Cooking the fries without sealing the outside of the fries lets the water escape much better than one cooking in hot oil.

One main reason that so many fries are limp and unappealing is because of the water trapped in the fries. Once removed from the oil, they don't stay crisp long at all.

Properly frying them first in lower oil is going to reduce the water content and enable them to stay crisp longer -- hopefully long enough to eat them.

Even if parboiling in water does not add water, it certainly isn't going to reduce the water content and so when you fry them in oil at high temperatures, you are going to trap the water inside the fry. You'll be lucky if they are still crisp by the time you take your first bite.

>> No.6091507

>>6091476
>>>wouldn't you be sealing more water inside the fries making them far more likely to be soggy and unappealing?
>>no, because you're never adding any more water than there already was.

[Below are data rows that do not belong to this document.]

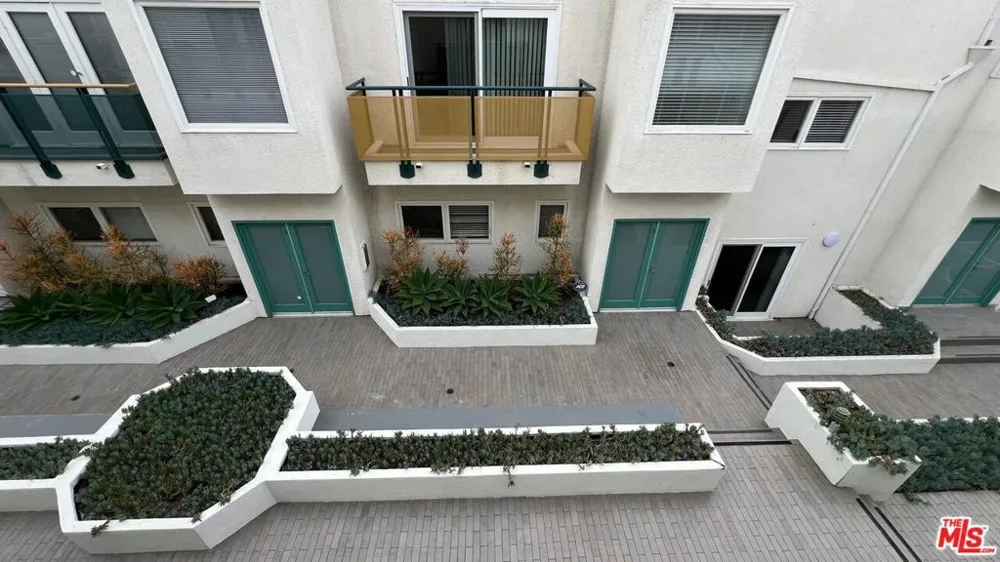 807 21st Street #3 Santa Monica, CA 90403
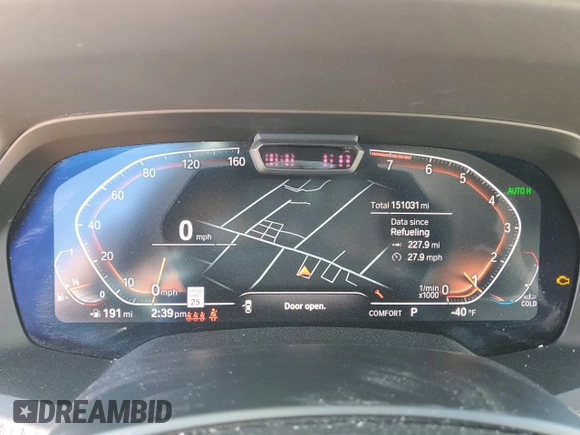 2019 BMW X7 xDrive40i with VIN 5UXCW2C50KL086103, listed as a Copart auction lot 48360425 with 151,031 mi miles and Salvage Title. Bid and sale history available at carsss.com. Image 9.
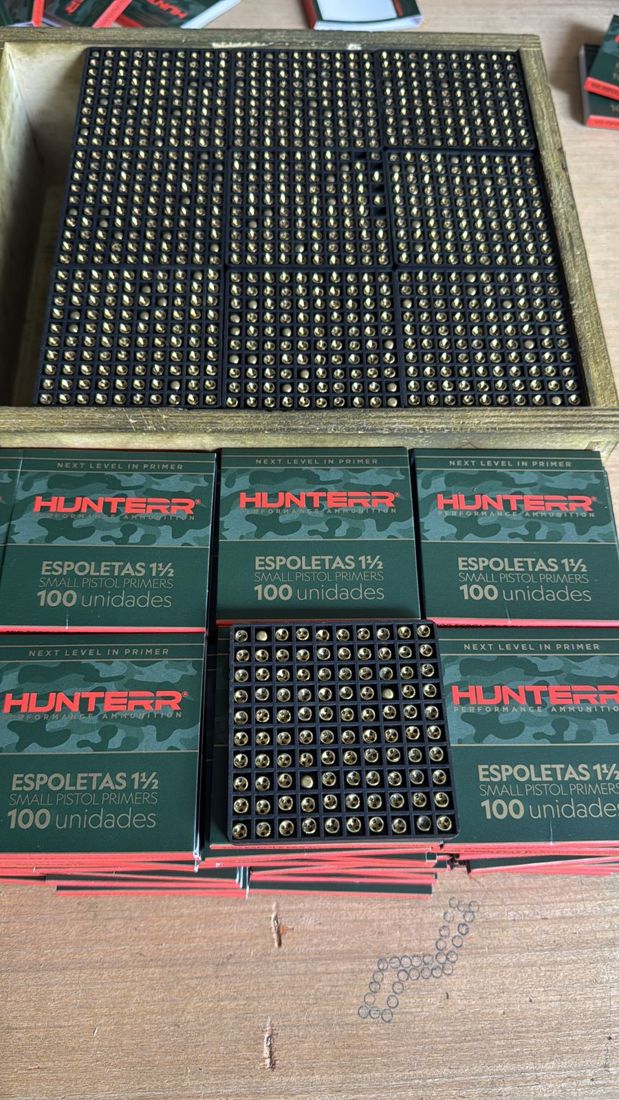 Lote de espoletas HUNTERR em bandejas e caixas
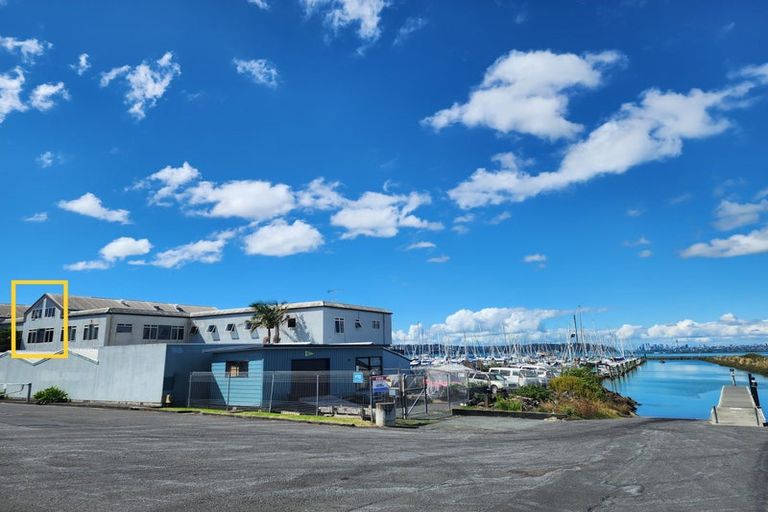 Photo of property in 10/15 Clearwater Cove, West Harbour, Auckland, 0618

You don't get it. The water that is naturally in the potatoes is already enough to ensure that they turn soggy quickly after cooking.

Ideally, fries should stay crispy after cooking for a fairly long time. If they are at all soggy at any point before you finish eating, then they were improperly cooked.

>> No.6091512

>>6090921

Oh fuck you got me good

>> No.6091643

The closest I come to parboiling french fries is when I make country potatoes with onions.

I slice the potatoes into rounds about 1/8 to 1/4 inch thick and parboil until close to done but before they start to disintegrate. While doing this, I slice an onion and saute the resulting rings in either olive oil or butter in a pan. When the potatoes are ready, I remove the onions, place the potato rounds on the pan trying to keep them one layer deep, drop the sauteed onions back on top, apply some freshly/coarsely ground pepper, and fry them until golden brown. Flip and cook until golden brown on the other side as well. Remove and salt.

They don't turn out crisply at all, but they do come out really good.